* **Task to complete**
Without changing a thing, reproduce the entire listing and leave out its pictures.

* **Data excerpt**
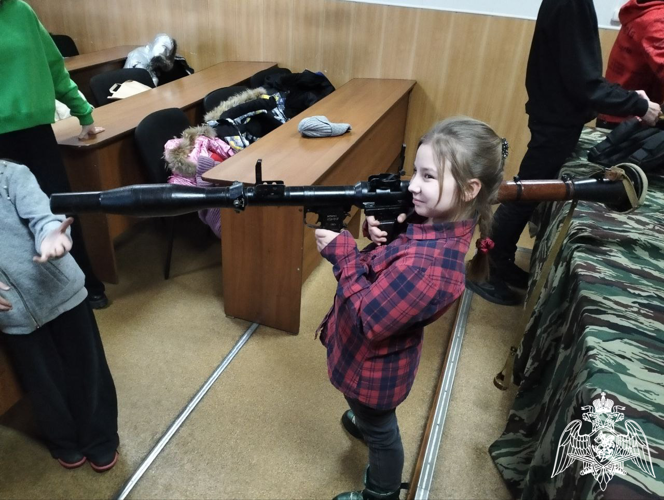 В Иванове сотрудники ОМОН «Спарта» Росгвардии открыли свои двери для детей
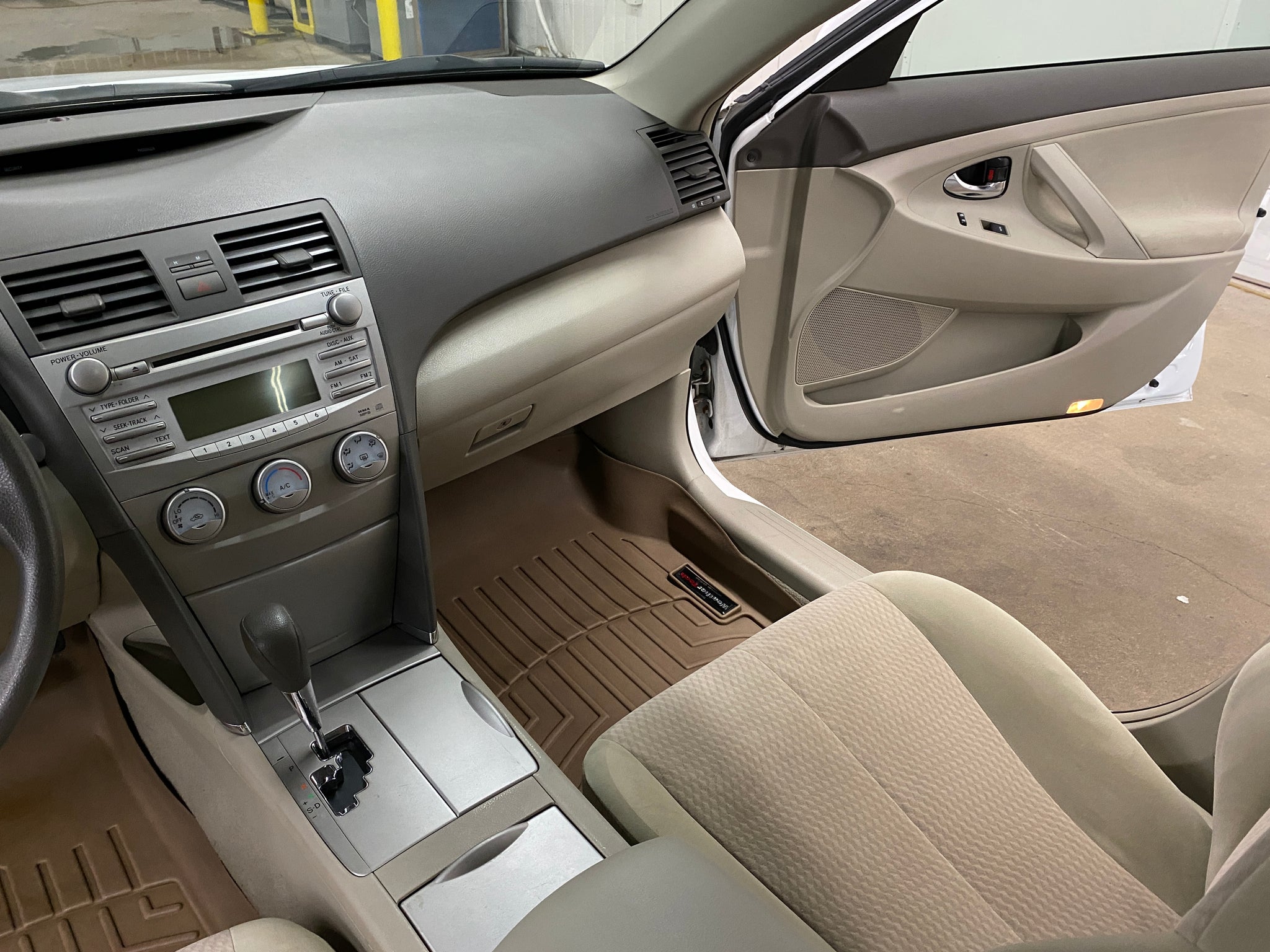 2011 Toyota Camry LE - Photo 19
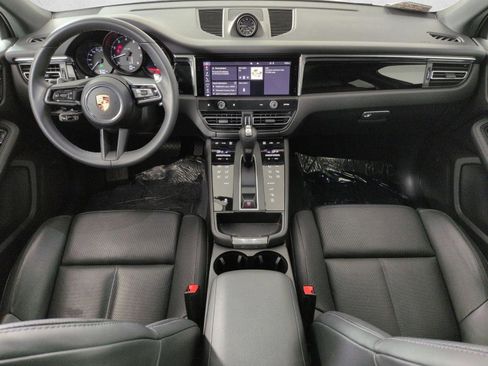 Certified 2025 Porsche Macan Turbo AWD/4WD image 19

* **Response to this exercise**
 В Иванове сотрудники ОМОН «Спарта» Росгвардии открыли свои двери для детей
 2011 Toyota Camry LE - Photo 19
 Certified 2025 Porsche Macan Turbo AWD/4WD image 19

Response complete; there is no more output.